Saturday, January 23, 2010

Some thoughts about grappling vs. swordfighting

I have recently been attending the sessions at the Twin Towers Wrestling Club at the Hamilton Fish Rec Center here in NYC. Is part of the Parks Department activities, and there's usually about a 60-40 split between what I call "pin" wrestling and submission grappling/jiu jitsu. On a recent week I spent most of the session just going and going and going with a guy with unlimited energy and good skills. Then that weekend I put my armor back on and went to the local SCA armored swordfighting practice at the Brooklyn Army Terminal (first time in months).

On the grappling mat the other guy pretty much had the advantage on me all the way through. He was stronger and had better skills, and got me to tap out after hard matches almost every time. At the SCA practice, one of the better fighters there asked me if I had been training elsewhere because I was fighting very well. He said my shot selection was better, my targeting better, and basically I was fighting better than ever in the 3 or 4 years he has known me.

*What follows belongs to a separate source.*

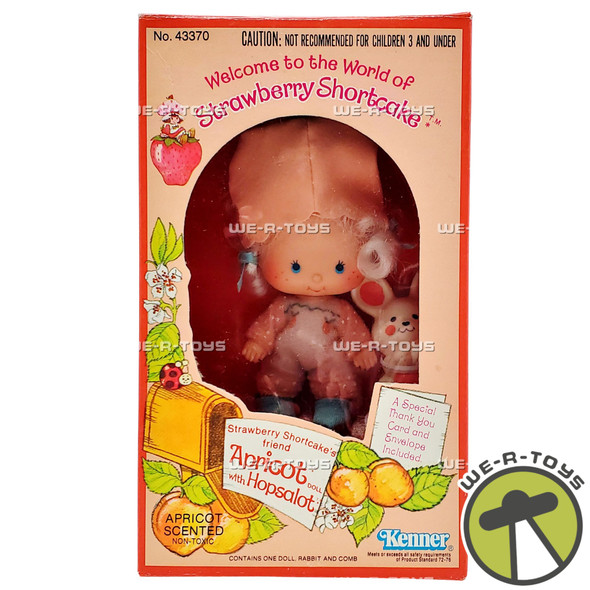 Strawberry Shortcake Apricot Doll With Hopsalot Pet Kenner 1980 #43370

I can credit that to a few things. First off, I cannot discount that the particular fighters I faced happened to be of sizes, styles, and experience levels that were a good fit for me.

Also, I picked up Miyamoto Musashi's "Book of 5 Rings" for the first time in a long time recently, and after 23 years of armored swordfighting and three years of grappling, I actually started to understand it. Passages about "treading down the enemy" and not thinking to just let him attack and look for an opening made sense in the grappling arena. I then figured out how to apply it to swordfighting.

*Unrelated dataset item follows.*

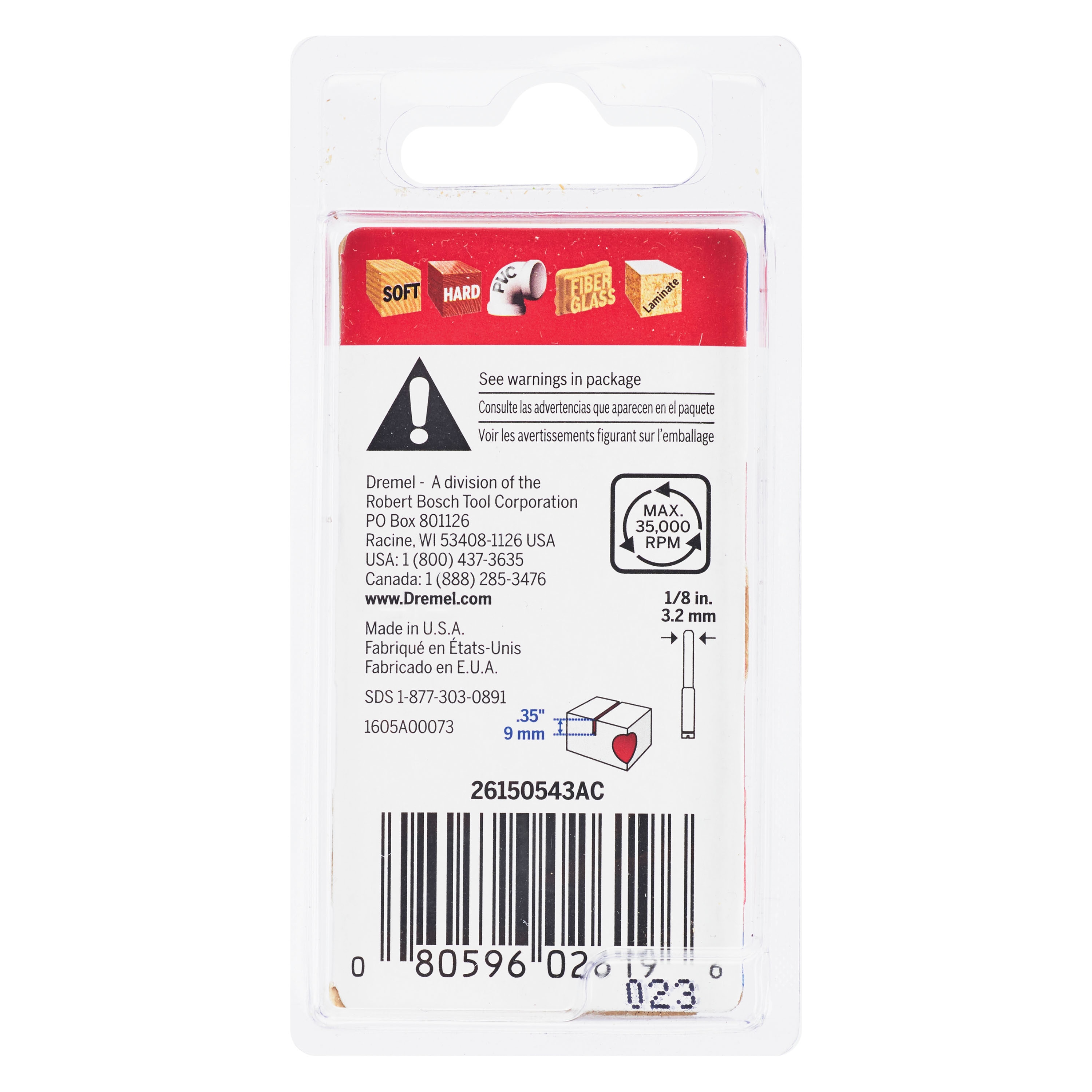 Disco de corte de carburo de acero Dremel de 1-1/4 pulgadas - Accesorio 5000543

Grappling takes a lot of endurance, a different kind of endurance from swordfighting. In armor, when you are down to your last ergs of energy, you can focus everything you've got left into one last blow or combination, and if it fails, you can cover up and get out and wait out of range until you are ready to go again. In grappling you don't have that option. If you are tired, your enemy is already all over you and you get gradually worn out until you tap out.

I have seen many, many successful swordfighters that hardly look like athletes, but very few grapplers that aren't extremely fit.

Another key difference between the two sports is that swordfighting can end with one hard percussive shot. Boom. Done. Grappling by its definition is a progression of moves leading to a gradual sinking into a submissive position. But even with the differences in the game, there ares till similar principles and concepts. Aggression, taking the initiative, defending while looking for an opening, and training specific moves all are part of the ingredients of a successful fighter in either game.